Radical honesty is what I’m talking about, and it’s a concept that I’ve written about in the past. I’ve always been interested in it. It’s essentially the fine art of going around telling the truth, of being honest instead of dishonest.

We’re often dishonest every single day, telling people ‘little white lies’ because we don’t want to upset people or we want to avoid conflict. Radical honesty is about being honest in the moment, and then being present with the people who you’re being honest with, working through whatever issues might have arisen as a result of the honesty, and getting past those issues to a deeper level of authenticity within the relationship. It’s a means of developing better relationships with the people around you, whether they’re your spouse or family, or workmates or a boss.

But most people are too afraid of the consequences of their honesty, so they avoid it and engage in dishonesty instead. It’s safer. By telling lies, you don’t have to deal with someone being upset at you or because of you.

You know what? I like the idea of upsetting people. I do it all the time. I share my honest thoughts, opinions or statements, sometimes knowing that what I say will upset the person I’m talking to. But I do it so that I can get past the issue that I know will be challenging for them, so that we can get to the other side and talk honestly, rather than avoid it altogether.

It’s a means of developing stronger, more intimate relationships with people.

As I mentioned above, most people are too afraid of the consequences, so they tell lies instead. I don’t like this because it feels like such a deceptive way of living life.
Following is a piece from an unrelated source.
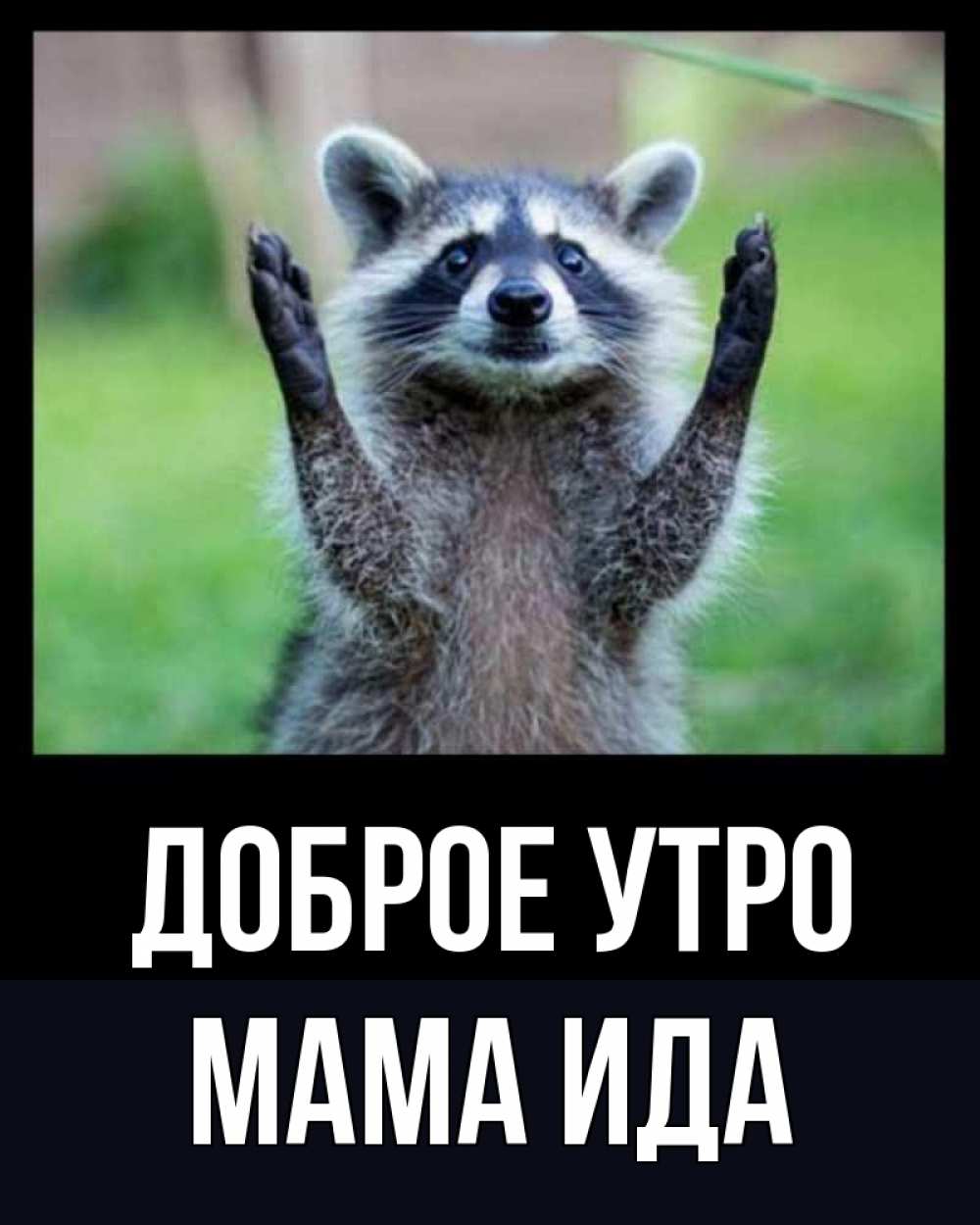 Открытка на каждый день с именем, Мама-Ида Доброе утро хорошее настроение утречком Прикольная открытка с пожеланием онлайн скачать бесплатно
You’re literally living a lie, all the time.

I share my thoughts witn people around me, whether they’re my wife or friends or work colleagues. I say things as I see them. I say what I think. It’s my style, and I enjoy it. I also enjoy the honest and deep relationships I develop with people as a result of sharing honestly with them.

Some people appreciate my honesty – they usually become very close to me, and we have some awesome relationships. Other people find my honesty too confronting for them, and they can’t deal with it. They might find me ‘daunting’ (as I learned one work colleague felt about me a couple years ago). They might decide it’s better for them to avoid me.

And I’m ok with that. I don’t need to make friends with everyone I meet, and I really don’t want to. I want to make friends with those who value and appreciate honest, authentic relationships, and who want to spend more time with me because of my honesty, rather than because of my dishonesty.

It’s probably why I also prefer to spend time with people that appreciate deep and meaningful conversations, because in those conversations lies authentic honesty. People that prefer shallow, meaningless conversations are people who make me feel like they’ve got something to hide. They want to talk about meaningless subjects like sport or the weather or reality TV because authentic honesty is something they’d rather avoid.

This might be because they don’t want to get hurt, or they’re aware that their repressed anger about things in their life could frame their honesty in ways that might be hurtful, so they feel it’s better to just avoid it altogether.

And while I understand their need for dishonesty in their relationships, even if it’s just ‘little white lies’, I prefer not to be around them if they want to be dishonest with me as well.

Life is too short, and I’d rather spend my life with people who share my values – and my honesty – than with people who don’t.